Okay, what about the investments included in the legislation? The bill spends about $260 billion of our taxpayer dollars, the majority of which, of course, goes to highways. The good news is that much of this is devoted to repairing bridges, a tribute to work that groups like Transportation for America have done to shine a light on the perilous state they’re in. There is also a section with grants for intelligent transportation systems, which can reduce emissions by improving traffic flow using better technology. Pretty much the best that can be said about the rest of the bill’s investments is that transit spending doesn’t shrink as a proportion of the whole bill’s investments.

What about the bad news? The bill, of course, takes a hatchet to bicycle and pedestrian funding. The Safe Routes to School program is eliminated, and funding is withdrawn for bicycle/pedestrian coordinators at state highway agencies. And a new and disastrous loophole has been added to a much bigger program, the Congestion Mitigation and Air Quality Improvement Program (CMAQ), opening it up to projects that funnel single-occupant-vehicle drivers around. This program was enacted twenty years ago to address the twin goals of reducing congestion as well as air quality; this new provision could unleash proposals for highway expansions that reduce pollution in their first few years but increase it over time, endangering public health and the environment. Oddly, the bill also removes a provision requiring that cost-effectiveness be a criterion for allocating these dollars. So this bill undercuts the largest environmental program other than the transit account in the bill.

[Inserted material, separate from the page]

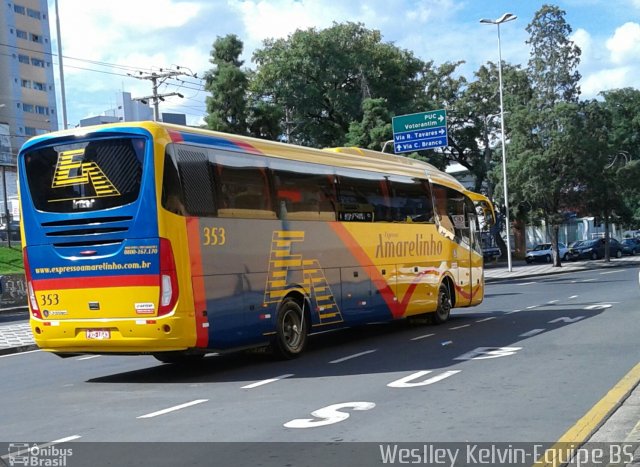 Expresso Amarelinho 353 na cidade de Sorocaba, São Paulo, Brasil, por Weslley Kelvin Batista. ID da foto: 3253540.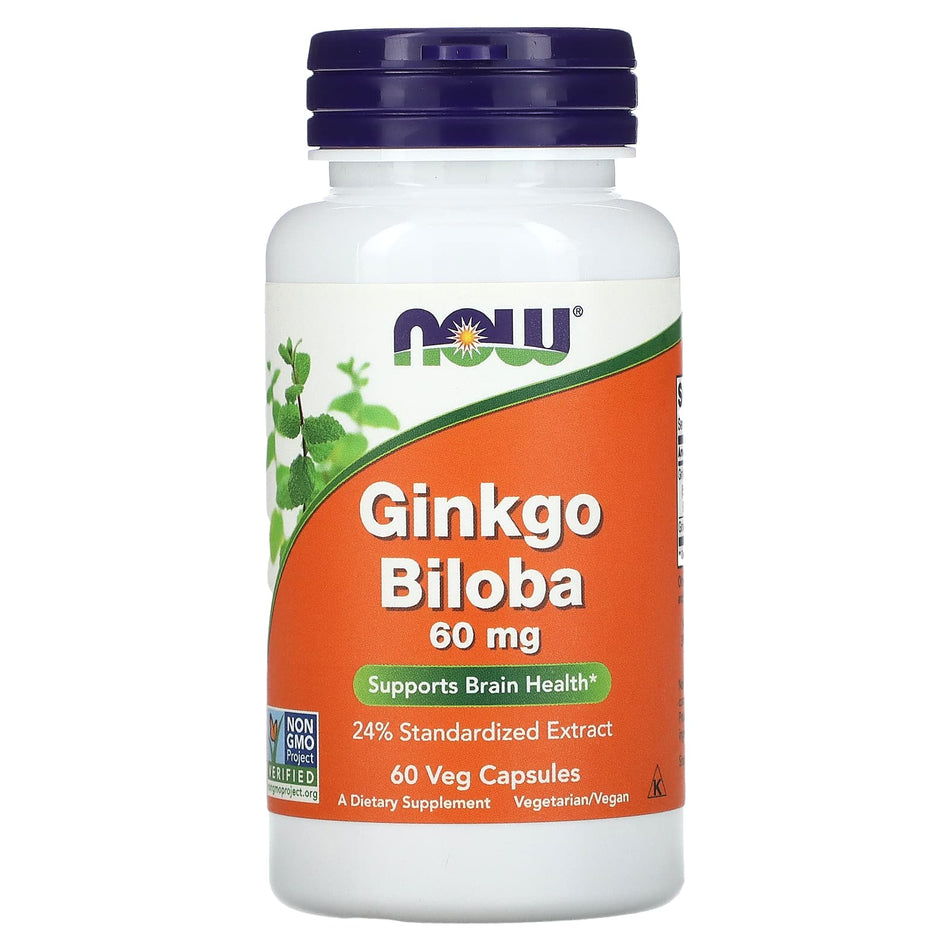 Ginkgo Biloba, 60mg - 60 capsule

There are provisions worthy of analysis for their environmental implications in the planning title (creating, for example, a national plan with goals including energy savings and environmental protection) and the area of private financing (dramatically expanding the TIFIA program as the Senate bill does, and capitalizing state infrastructure banks). But the former look toothless and the latter appear to benefit highways more than transit or other alternatives.

Whereas NRDC found the Senate transportation bill to be, overall, a positive step toward collaborative federal policy-making, regrettably we have but one recommended course of action for the House version: Kill the bill.